_Exercise_.
Look through the records below for the line holding "6 Pc. Bundle". Write it out exactly, with each following line through the line holding "The Terrace Apartment".

_Available records_.
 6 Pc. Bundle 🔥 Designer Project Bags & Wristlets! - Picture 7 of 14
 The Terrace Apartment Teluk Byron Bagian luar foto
==
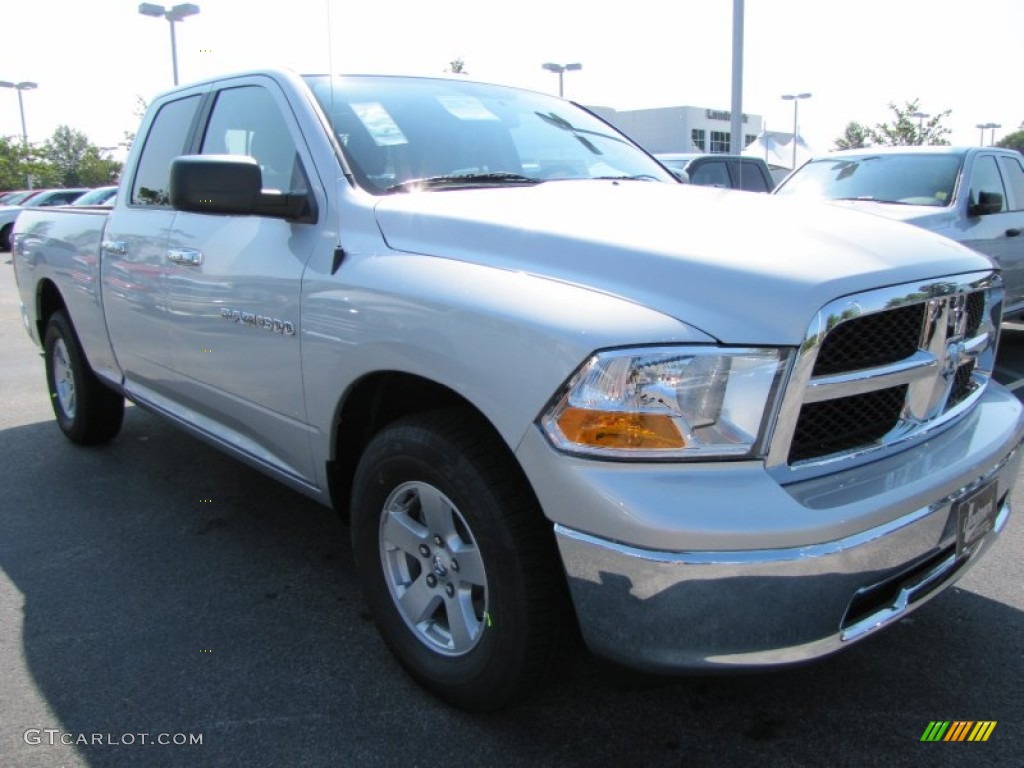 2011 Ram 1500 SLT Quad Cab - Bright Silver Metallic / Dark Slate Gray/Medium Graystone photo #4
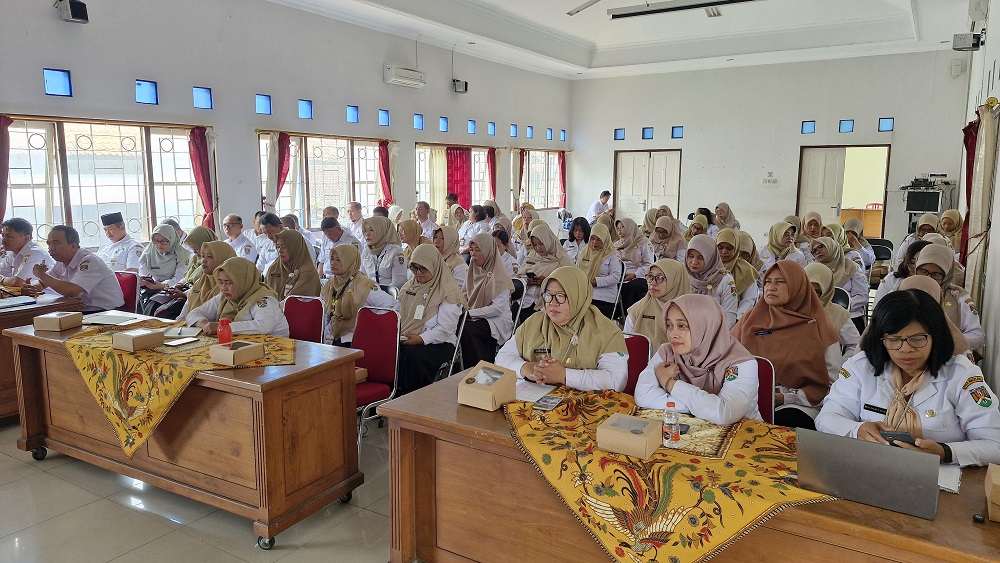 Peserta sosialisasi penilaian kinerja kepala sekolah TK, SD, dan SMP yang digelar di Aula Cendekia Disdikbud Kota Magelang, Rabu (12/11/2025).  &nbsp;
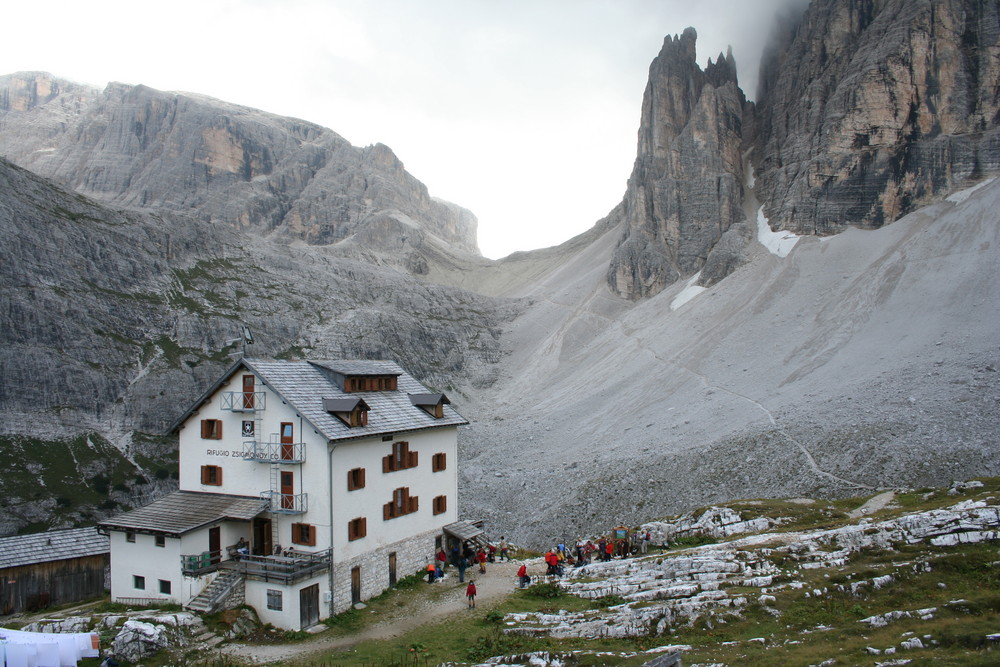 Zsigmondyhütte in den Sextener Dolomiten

_Written response_.
 6 Pc. Bundle 🔥 Designer Project Bags & Wristlets! - Picture 7 of 14
 The Terrace Apartment Teluk Byron Bagian luar foto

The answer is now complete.